You can find a (sort-of-friendly as the ship isn't shooting back) boarding action in the Shira Calpurnia novel "Crossfire". The arbites are in a small ship and have to get in first - which means matching velocity (to be boarded ship already forced to a near halt by the Navy), getting in which requires them to find an airlock, manage to OPEN the airlock, and get the sealing right to keep both your own and the other ship pressurized. 

Not as directly important to Sororitas as it was to the Arbites as their Power Armour is environmentally sealed (if they wear their bloody helmets...) and will likely let you power through the newly created wind tunnel, but air leaking out will at the very least have damage control shove a LOT of extra doors in your path.

Anyway, keep in mind that the ship may well be multiple decks each kilometers long, so you probably want to find an entrance near your goal... assuming you even know where that IS. The Captain you're looking for? He's mobile, and unless he has a very good reason to stay in one place you have a LOT of searching to do. Most of it probably through crew fighting back.

That will get rather like city fighting, but for obvious reasons neither side has much chance for reinforcements or artillery support. Or heavy weaponry, because hitting the wrong thing can cause anything from a giant explosion to a hull breach (esp. noteworthy for the boarders, as you don't know the ship as well). Flamers and melee are your friend, bolters get iffy, meltaguns are right out unless you KNOW what you're going to be using as a backstop.
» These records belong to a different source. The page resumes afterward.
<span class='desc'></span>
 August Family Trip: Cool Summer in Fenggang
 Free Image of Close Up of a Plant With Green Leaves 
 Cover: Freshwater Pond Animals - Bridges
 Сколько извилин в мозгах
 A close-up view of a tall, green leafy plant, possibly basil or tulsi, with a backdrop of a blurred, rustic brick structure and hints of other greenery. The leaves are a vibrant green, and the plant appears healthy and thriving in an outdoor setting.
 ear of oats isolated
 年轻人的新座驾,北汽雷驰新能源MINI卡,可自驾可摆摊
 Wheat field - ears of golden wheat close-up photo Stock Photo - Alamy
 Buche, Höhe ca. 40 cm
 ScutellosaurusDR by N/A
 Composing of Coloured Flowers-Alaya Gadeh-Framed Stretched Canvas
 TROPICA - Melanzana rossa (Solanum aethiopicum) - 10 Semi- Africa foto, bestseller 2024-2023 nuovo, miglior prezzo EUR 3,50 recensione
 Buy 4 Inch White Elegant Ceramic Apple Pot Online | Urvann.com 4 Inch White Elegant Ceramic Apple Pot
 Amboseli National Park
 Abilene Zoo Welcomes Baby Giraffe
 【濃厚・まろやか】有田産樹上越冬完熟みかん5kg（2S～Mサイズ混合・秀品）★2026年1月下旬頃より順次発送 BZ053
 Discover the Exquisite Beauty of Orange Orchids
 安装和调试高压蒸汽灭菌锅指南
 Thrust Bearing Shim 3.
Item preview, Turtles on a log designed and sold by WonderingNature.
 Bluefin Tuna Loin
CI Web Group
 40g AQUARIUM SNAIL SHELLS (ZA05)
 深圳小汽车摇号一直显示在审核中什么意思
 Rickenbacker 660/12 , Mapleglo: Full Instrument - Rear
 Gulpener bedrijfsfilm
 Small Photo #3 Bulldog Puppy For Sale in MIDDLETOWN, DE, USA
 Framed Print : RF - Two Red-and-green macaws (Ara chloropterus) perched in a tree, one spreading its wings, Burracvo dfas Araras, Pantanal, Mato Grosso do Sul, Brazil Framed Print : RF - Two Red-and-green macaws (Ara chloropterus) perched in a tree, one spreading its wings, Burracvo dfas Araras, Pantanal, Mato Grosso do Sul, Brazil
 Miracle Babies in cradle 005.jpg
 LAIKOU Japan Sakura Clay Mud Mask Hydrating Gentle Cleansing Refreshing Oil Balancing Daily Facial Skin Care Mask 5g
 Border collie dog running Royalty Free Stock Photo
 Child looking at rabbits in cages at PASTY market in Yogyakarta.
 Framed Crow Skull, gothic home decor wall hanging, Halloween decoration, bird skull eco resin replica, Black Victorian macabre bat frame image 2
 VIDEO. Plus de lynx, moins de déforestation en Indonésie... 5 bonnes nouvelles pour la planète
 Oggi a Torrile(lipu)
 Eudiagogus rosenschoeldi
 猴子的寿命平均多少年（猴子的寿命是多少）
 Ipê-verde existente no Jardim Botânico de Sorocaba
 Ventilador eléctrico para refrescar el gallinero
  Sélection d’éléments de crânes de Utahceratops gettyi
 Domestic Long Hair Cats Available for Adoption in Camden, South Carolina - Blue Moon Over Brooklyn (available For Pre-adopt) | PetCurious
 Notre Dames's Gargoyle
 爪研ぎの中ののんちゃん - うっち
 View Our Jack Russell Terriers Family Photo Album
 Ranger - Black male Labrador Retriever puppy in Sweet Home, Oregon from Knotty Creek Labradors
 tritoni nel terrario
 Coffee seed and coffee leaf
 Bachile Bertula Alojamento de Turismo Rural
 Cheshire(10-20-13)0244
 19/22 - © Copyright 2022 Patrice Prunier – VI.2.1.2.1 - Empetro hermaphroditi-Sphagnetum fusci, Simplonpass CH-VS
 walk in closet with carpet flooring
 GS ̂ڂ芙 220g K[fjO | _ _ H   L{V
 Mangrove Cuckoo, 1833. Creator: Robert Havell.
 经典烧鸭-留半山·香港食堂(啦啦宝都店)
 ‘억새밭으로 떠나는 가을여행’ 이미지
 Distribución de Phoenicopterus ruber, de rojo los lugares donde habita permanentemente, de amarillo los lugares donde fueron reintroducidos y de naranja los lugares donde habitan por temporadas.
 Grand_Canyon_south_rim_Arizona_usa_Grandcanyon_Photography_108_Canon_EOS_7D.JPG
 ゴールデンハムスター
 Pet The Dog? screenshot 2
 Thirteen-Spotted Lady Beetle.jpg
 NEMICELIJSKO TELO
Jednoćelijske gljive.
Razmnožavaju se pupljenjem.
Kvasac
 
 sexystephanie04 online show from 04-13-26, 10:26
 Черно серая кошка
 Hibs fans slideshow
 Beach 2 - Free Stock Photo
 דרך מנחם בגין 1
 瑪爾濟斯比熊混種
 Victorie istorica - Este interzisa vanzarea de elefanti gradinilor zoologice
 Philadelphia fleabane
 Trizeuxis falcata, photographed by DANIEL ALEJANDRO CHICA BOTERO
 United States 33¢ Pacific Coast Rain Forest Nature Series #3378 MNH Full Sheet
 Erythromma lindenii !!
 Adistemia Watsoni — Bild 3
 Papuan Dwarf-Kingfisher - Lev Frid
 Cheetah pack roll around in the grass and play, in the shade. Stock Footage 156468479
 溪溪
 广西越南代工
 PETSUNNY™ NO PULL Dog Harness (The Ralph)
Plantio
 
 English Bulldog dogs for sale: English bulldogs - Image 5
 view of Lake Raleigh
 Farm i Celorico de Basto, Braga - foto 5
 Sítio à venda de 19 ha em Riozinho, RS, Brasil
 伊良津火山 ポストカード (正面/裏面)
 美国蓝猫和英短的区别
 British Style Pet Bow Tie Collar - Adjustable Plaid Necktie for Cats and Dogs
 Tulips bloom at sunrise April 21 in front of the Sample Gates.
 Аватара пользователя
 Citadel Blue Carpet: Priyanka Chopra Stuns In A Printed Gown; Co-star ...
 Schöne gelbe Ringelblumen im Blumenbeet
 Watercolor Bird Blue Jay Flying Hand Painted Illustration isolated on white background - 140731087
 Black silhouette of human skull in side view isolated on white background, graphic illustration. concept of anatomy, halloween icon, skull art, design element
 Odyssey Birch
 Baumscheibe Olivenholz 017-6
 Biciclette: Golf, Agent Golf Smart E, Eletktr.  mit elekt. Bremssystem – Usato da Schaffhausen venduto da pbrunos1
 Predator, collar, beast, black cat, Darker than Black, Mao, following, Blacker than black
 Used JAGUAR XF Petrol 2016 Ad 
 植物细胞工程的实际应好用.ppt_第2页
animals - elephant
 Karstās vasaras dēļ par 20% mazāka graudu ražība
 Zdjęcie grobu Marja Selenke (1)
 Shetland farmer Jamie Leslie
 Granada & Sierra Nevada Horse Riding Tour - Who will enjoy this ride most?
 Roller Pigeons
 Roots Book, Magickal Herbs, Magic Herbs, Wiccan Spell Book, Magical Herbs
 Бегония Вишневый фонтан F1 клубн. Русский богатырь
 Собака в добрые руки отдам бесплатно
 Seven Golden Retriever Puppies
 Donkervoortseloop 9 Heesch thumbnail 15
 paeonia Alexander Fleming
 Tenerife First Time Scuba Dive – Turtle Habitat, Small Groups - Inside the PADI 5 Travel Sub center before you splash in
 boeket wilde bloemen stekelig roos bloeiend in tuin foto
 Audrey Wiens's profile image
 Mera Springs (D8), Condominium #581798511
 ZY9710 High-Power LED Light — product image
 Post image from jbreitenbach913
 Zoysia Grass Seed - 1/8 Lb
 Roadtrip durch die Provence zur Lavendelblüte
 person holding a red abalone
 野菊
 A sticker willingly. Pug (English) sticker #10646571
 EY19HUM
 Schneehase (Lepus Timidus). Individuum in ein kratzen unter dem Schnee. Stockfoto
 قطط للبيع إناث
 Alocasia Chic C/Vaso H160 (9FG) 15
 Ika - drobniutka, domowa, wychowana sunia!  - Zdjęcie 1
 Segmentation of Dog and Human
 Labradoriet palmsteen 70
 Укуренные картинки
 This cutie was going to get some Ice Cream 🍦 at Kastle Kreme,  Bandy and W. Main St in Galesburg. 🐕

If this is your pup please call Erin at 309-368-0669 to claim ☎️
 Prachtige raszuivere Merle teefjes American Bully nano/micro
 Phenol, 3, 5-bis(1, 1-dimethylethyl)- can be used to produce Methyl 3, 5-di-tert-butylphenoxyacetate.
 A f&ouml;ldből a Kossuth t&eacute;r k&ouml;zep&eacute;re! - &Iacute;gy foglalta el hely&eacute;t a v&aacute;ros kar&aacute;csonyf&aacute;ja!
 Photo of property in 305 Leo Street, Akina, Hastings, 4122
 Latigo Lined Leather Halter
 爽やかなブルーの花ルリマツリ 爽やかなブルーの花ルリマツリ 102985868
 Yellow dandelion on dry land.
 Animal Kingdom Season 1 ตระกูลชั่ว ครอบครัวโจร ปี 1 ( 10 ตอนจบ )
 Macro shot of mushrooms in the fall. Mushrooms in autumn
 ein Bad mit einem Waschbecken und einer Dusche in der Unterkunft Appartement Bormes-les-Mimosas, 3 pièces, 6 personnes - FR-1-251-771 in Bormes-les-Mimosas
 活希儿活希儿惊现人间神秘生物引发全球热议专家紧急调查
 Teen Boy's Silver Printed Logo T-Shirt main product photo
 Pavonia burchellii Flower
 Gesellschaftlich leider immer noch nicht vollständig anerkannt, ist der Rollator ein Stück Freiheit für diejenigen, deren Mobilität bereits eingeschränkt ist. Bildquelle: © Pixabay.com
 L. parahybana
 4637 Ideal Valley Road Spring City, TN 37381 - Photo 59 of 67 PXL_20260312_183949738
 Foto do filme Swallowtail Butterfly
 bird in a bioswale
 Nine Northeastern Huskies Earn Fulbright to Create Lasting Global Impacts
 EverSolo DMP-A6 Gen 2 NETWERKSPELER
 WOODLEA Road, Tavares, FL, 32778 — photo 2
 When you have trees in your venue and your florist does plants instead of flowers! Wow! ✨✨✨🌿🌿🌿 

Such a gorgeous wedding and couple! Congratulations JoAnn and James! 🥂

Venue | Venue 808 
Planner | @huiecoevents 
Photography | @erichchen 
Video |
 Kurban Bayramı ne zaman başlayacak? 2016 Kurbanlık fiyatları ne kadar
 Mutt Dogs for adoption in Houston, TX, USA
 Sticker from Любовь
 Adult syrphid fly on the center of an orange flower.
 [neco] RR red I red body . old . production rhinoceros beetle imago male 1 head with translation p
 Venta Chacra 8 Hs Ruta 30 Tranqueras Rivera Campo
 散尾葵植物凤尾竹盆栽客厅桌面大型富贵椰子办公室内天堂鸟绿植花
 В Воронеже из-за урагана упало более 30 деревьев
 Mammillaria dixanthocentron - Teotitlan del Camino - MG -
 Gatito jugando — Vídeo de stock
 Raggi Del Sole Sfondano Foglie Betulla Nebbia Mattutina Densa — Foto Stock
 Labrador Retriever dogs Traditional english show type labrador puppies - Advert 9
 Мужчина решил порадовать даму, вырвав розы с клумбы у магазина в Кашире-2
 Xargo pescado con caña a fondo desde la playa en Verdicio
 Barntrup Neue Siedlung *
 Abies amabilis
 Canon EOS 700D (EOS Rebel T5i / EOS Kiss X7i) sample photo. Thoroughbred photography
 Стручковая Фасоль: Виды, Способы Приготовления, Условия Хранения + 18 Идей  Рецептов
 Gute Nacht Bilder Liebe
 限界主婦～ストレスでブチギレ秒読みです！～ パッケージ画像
It's going to get messy. On the good side, a good part of the crew probably doesn't want to fight (or, if the ship is Imperial, might well join your side - what pious citizen would fight a Sororitas?), and you'll have an edge in armor, training, and faith


----------



## Fallen (Oct 7, 2008)

Also I recommend looking for the Zones Mortalis rules from Forge World, as it can give some better insight as well, especially if you're looking to play a game.


----------



## Brother Emund (Apr 17, 2009)

Nice reply Shandathe. Thanks for the thoughts!

.:victory:

.


----------